A oportunidade em participar do projeto que resultaria na criação do papel-moeda brasileiro surgiu em 1976, quando a Indústria de Papel Simão o contratou como consultor de papéis especiais da unidade de Salto, interior de São Paulo. A fábrica era especializada na produção de papéis fiduciários, como são conhecidos os papéis de segurança (passaportes, documentos como cédulas de identidade, carteiras de habilitação, vales-refeição etc.), foi escolhida pelo Ministério da Fazenda para dar início à fabricação do dinheiro brasileiro.

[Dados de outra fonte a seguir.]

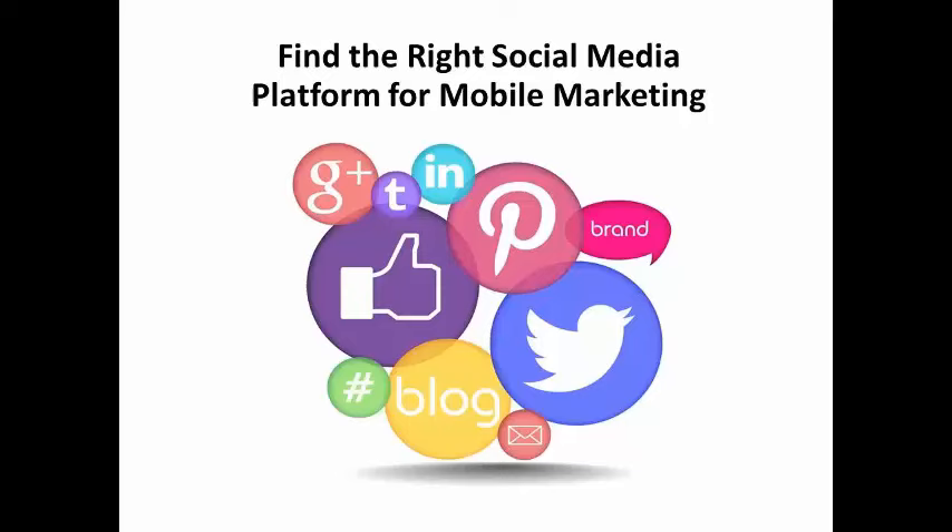Mobile phone use is exploding and more people than ever are using their phones to make purchasing decisions. According to one online payment system provider, over 80% of smartphone users read reviews on social media before they make a purchase. Marketers who ignore social media in their mobile marketing plans do so at their peril.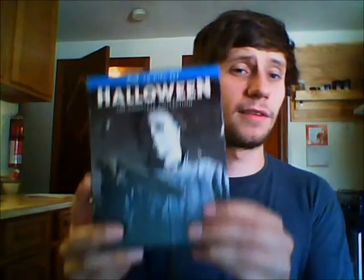Hey, what's going on? Dr. Beyond's World Boogie here again, back for another video for you guys. In this video, I wanted to talk about and do a little review on the other Halloween box set that Scream Factory and Anchor Bay put out.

Para apoiar o trabalho de desenvolvimento, Rashid foi enviado a Paris, para um estágio específico nas oficinas da Arjomari Prioux. “Os franceses diziam: ‘Vocês nunca conseguirão, porque não dominam os processos de segurança”. Mesmo enfrentando tamanha descrença e pessimismo por parte dos franceses, Rashid conseguiu aprender os processos em menos de nove meses, desenvolvendo e dominando técnicas como a de produção de poliéster – fibra que é usada como elemento de segurança. Nos contou Rashid.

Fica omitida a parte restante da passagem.